** WORK TO BE COMPLETED **
Give again, word for word, the line holding "Toyota Land Cruiser" and every line after it through the end of the data below. Omit pictures.

----------

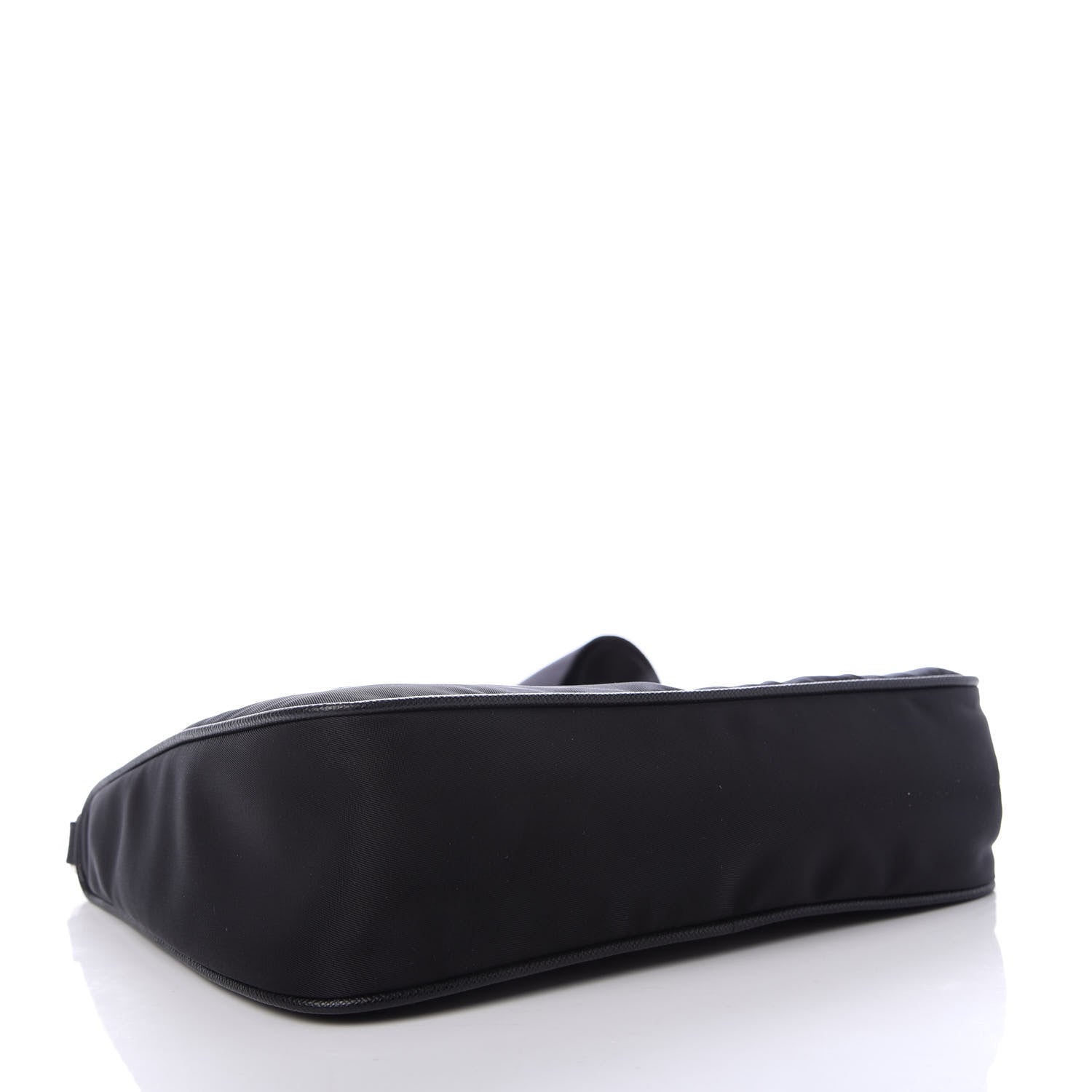 Prada Nylon Re-Edition 2005 Shoulder Bag Black 4 of 9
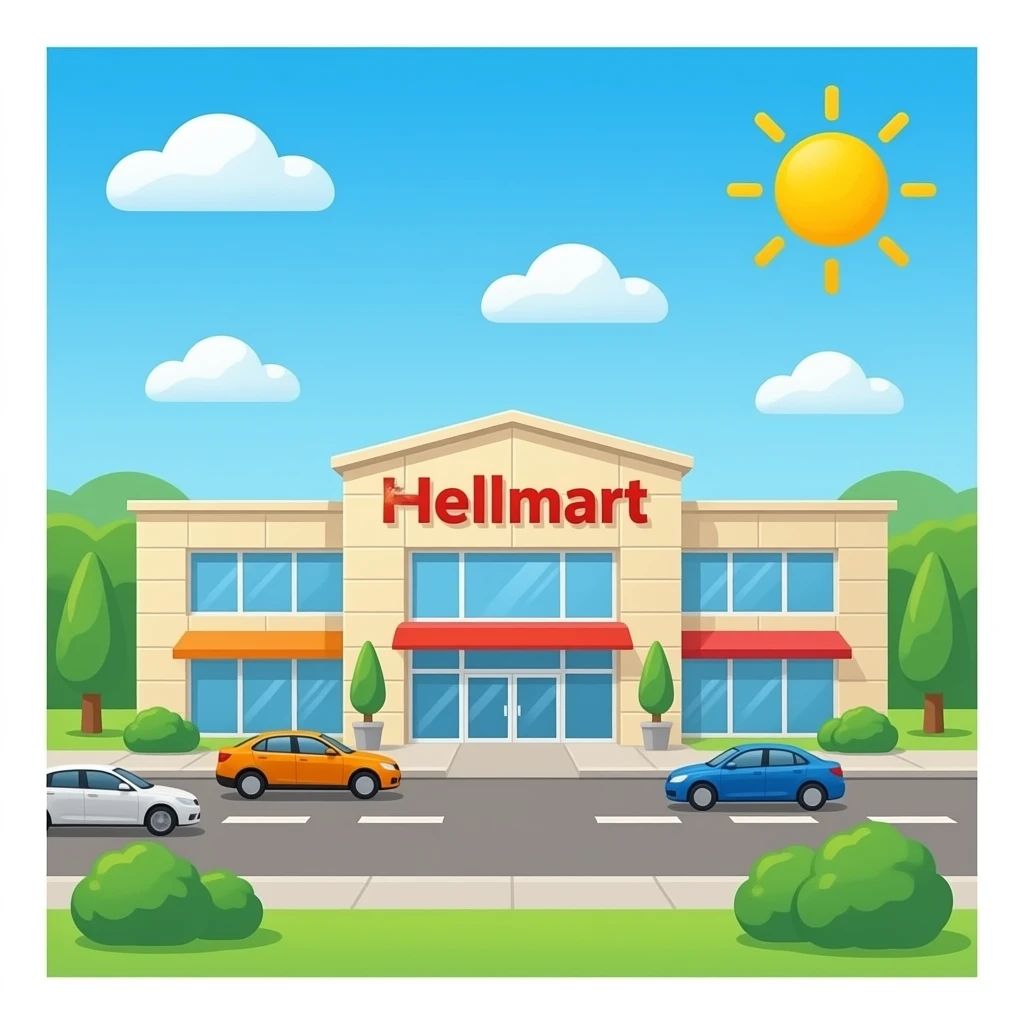 hellmart emoji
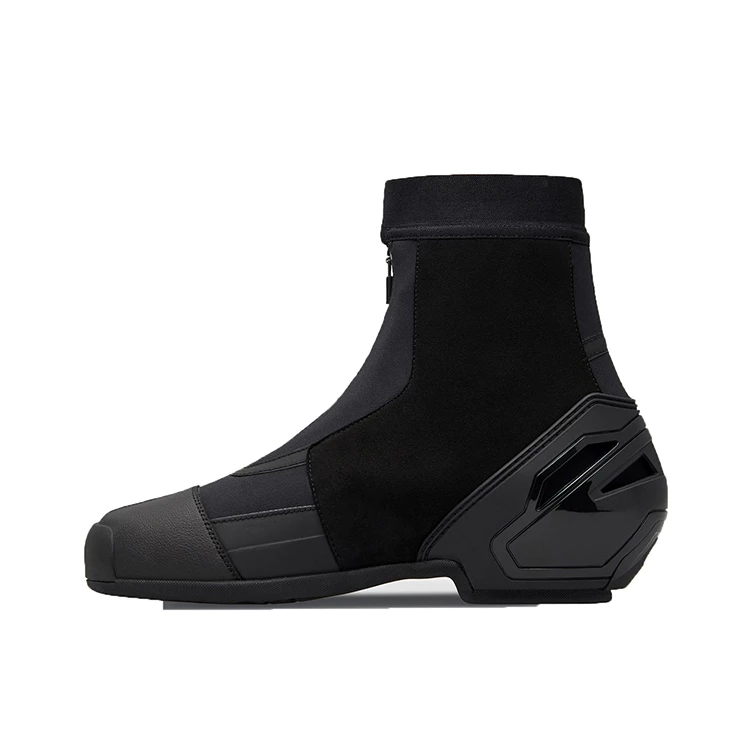Alternative view of XPD X11-R Black Shoes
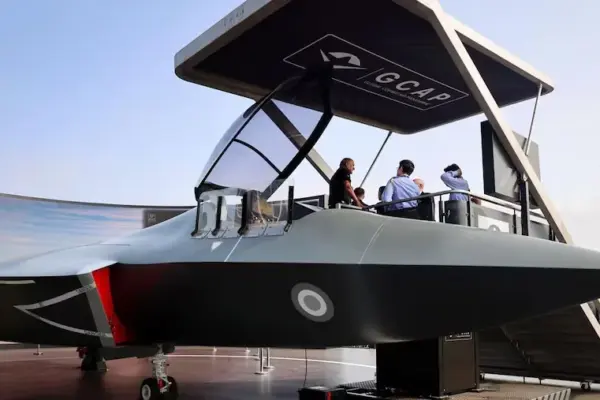 GCAP Fighter, Canada joins the program with Italy, UK and Japan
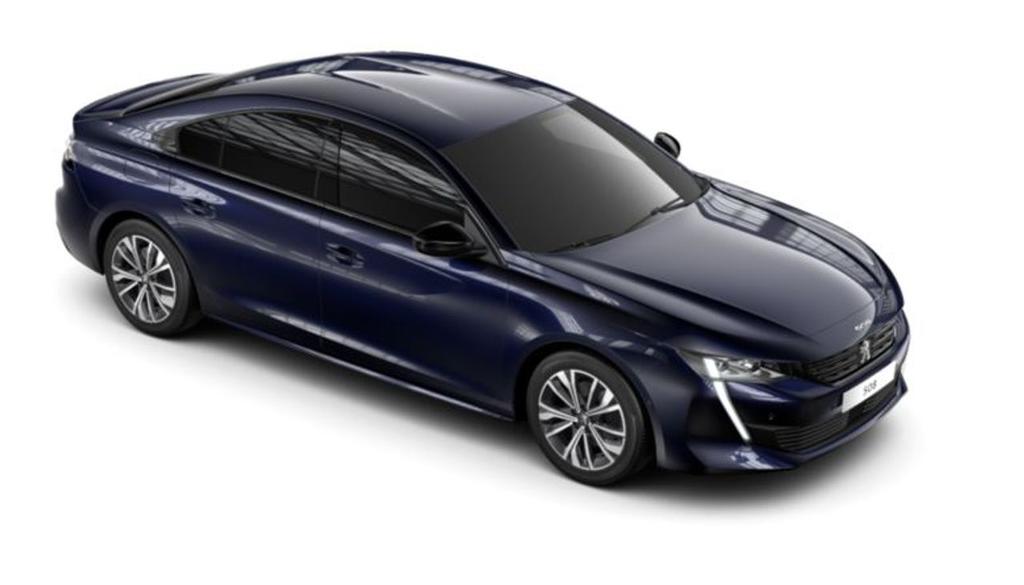 Peugeot 508 Hybrid 5P Allure Pack HYBRID 225 e-EAT8 - Foto 5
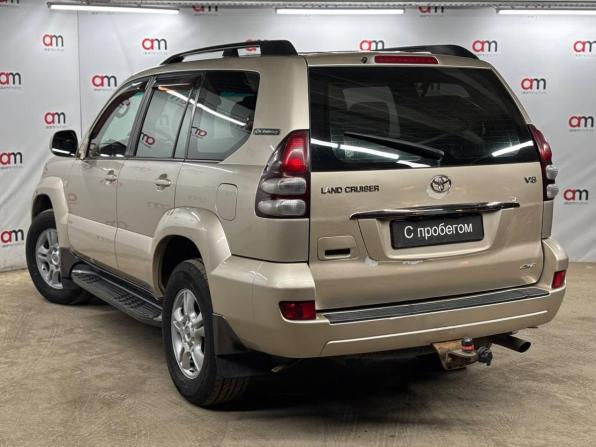 Toyota Land Cruiser Prado 120 Series Рестайлинг с пробегом 2008 года, цена 1 899 000 рублей, 363000 км, внедорожник, Автокод Объявления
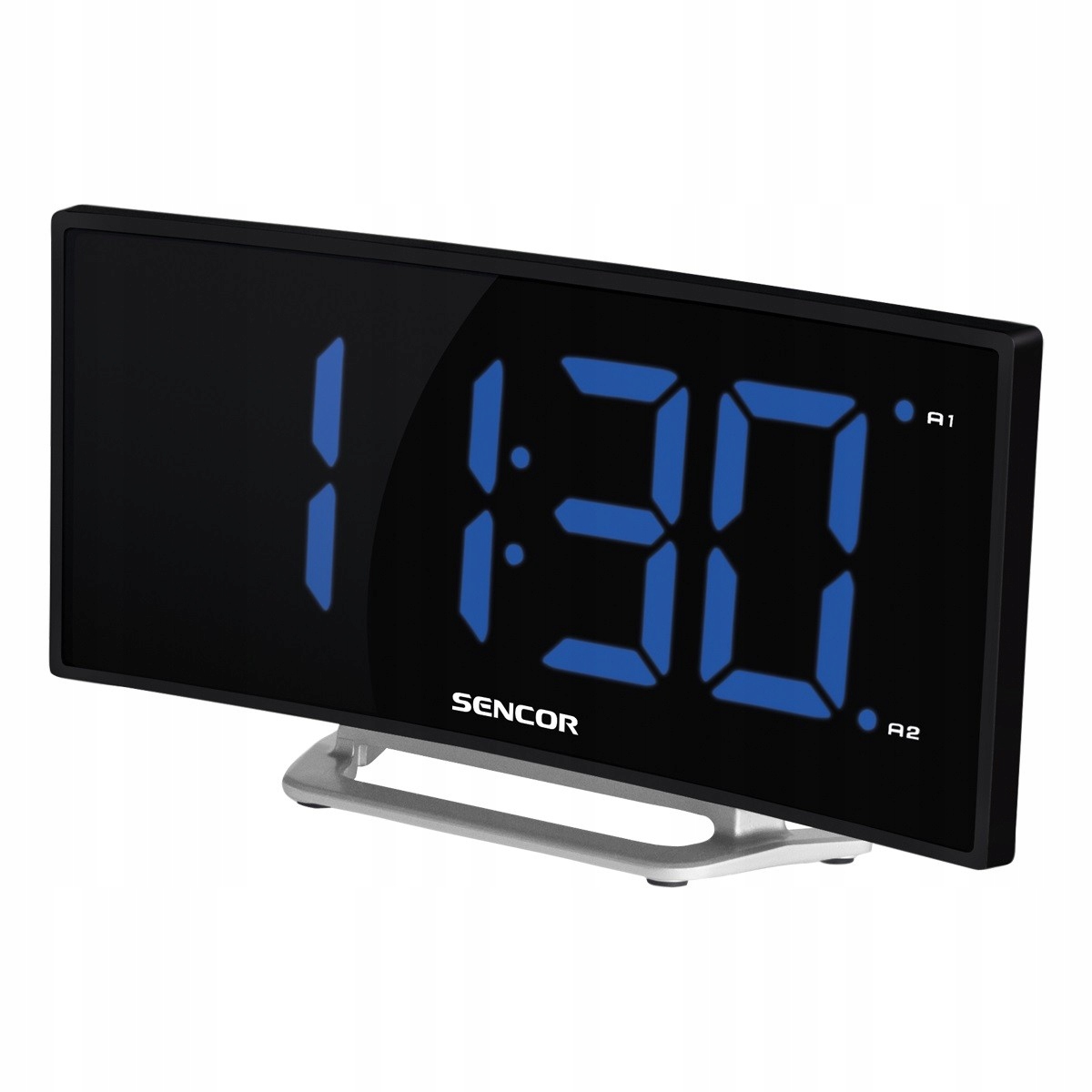 

Sencor Zegar z budzikiem Sdc 120
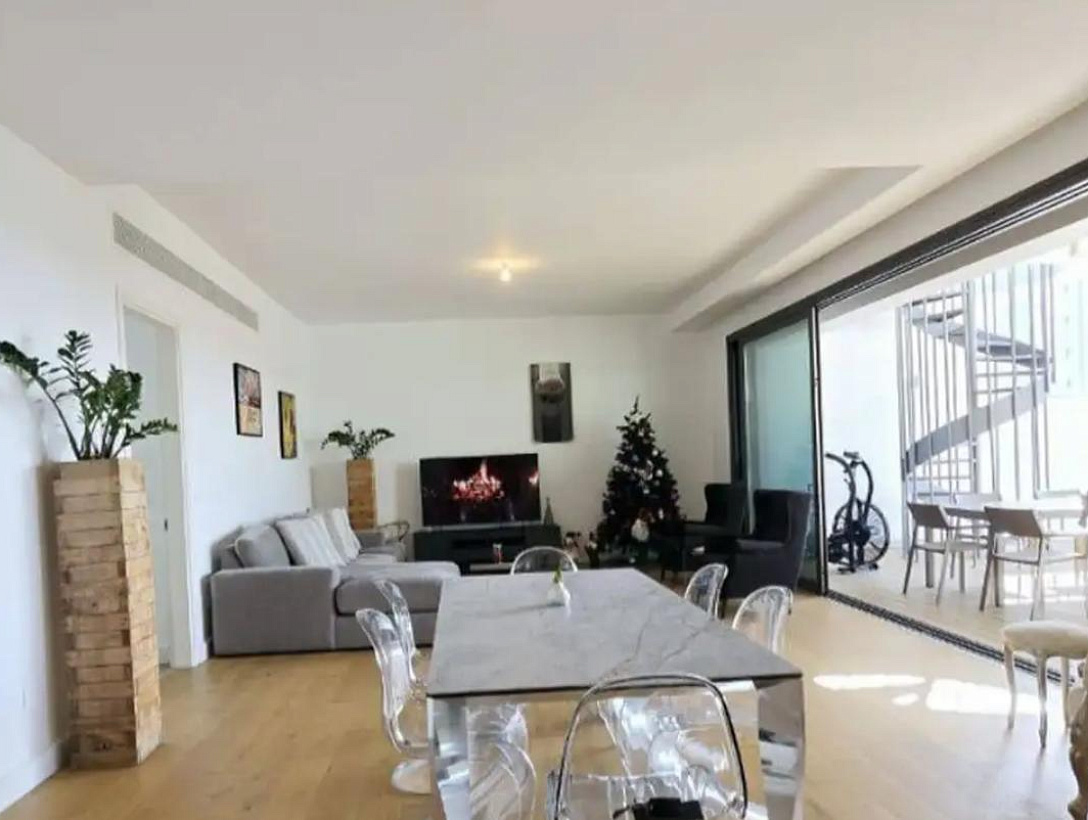 Penthouse in Limassol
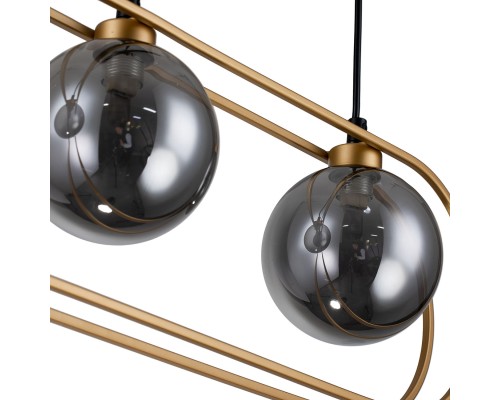 Подвесной светильник 11017/3P Gold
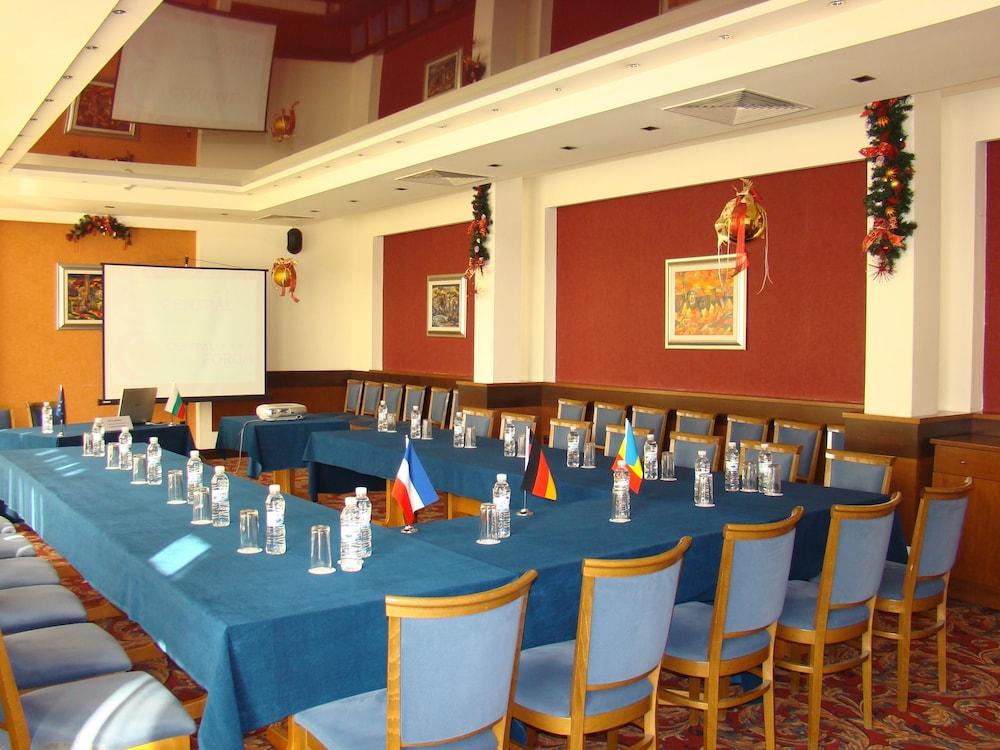 work area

----------

** WRITTEN SOLUTION **
 Toyota Land Cruiser Prado 120 Series Рестайлинг с пробегом 2008 года, цена 1 899 000 рублей, 363000 км, внедорожник, Автокод Объявления

Sencor Zegar z budzikiem Sdc 120
 Penthouse in Limassol
 Подвесной светильник 11017/3P Gold
 work area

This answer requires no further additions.